Tuesday, October 6, 2009
Shoals Vs. Polvo
Not only is Polvo my favorite band ever, they're also arguably the biggest sports fans in indie rock history. They're playing the Crocodile in Seattle tonight, and you should see them if you live in my city. Dave Brylawski has done a ton of press lately, but hopefully there's something new in here. Oh, and sorry for the shortage of pictures, I wanted to get this up before tonight!
Bethlehem Shoals: Okay, so I guess we're going to try and do this formal interview now. I'm having trouble not just asking all the random fan questions I've stored up over the years.
Dave Brylawski: Well, ask them.
BS: That would be totally unprofessional. Like, should I ask what the hell the songs were generally about? The Recluse tried to convince me they were all about girls.
DB: Some girls, some mature life stuff. I don't know. Probably a lot of them aren't about much. Abstract feelings. We're not a topical band, songwriting-wise.
BS: Let me try something more journalist-y. How do you feel about now being referred to as, among other things, one of the defining guitar bands of the indie era? No offense, but I never realized Polvo had so much influence.

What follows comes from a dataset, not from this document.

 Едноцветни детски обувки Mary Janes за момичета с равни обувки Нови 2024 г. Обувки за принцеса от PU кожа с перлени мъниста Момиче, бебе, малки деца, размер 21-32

DB: Actually, we're in this weird zone. A lot of the press that's written about us now is about how small we are, and how we sabotaged ourselves and never really capitalized on [our success]. We're in this netherworld where we're not big, but we're big enough that we're still playing 20 years later.
BS: Do you think you've gotten bigger in death than in life?

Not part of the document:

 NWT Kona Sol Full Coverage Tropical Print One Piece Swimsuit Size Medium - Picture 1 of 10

DB: I don't know if we've gotten bigger, but we've definitely had some staying power that I never would've predicted when we stopped playing in nineties. The funny thing is, we stopped playing in 1998, and for a couple years, it died a very quick death, and you didn't really hear much about Polvo. But then a few years later, it started to get back to me that people hadn't forgotten Polvo, which was nice, and unexpected, and a little strange, actually.
I don't know why some bands get lost in time and others stay on people's minds, and we're fortunate that we did. There were a lot of good ones from our era, and I don't know why someone would remember us as opposed to, say, Unwound.
BS: It might have something to do with the trouble people have always had figuring out your sound. I always got annoyed when Polvo was described as "math-y."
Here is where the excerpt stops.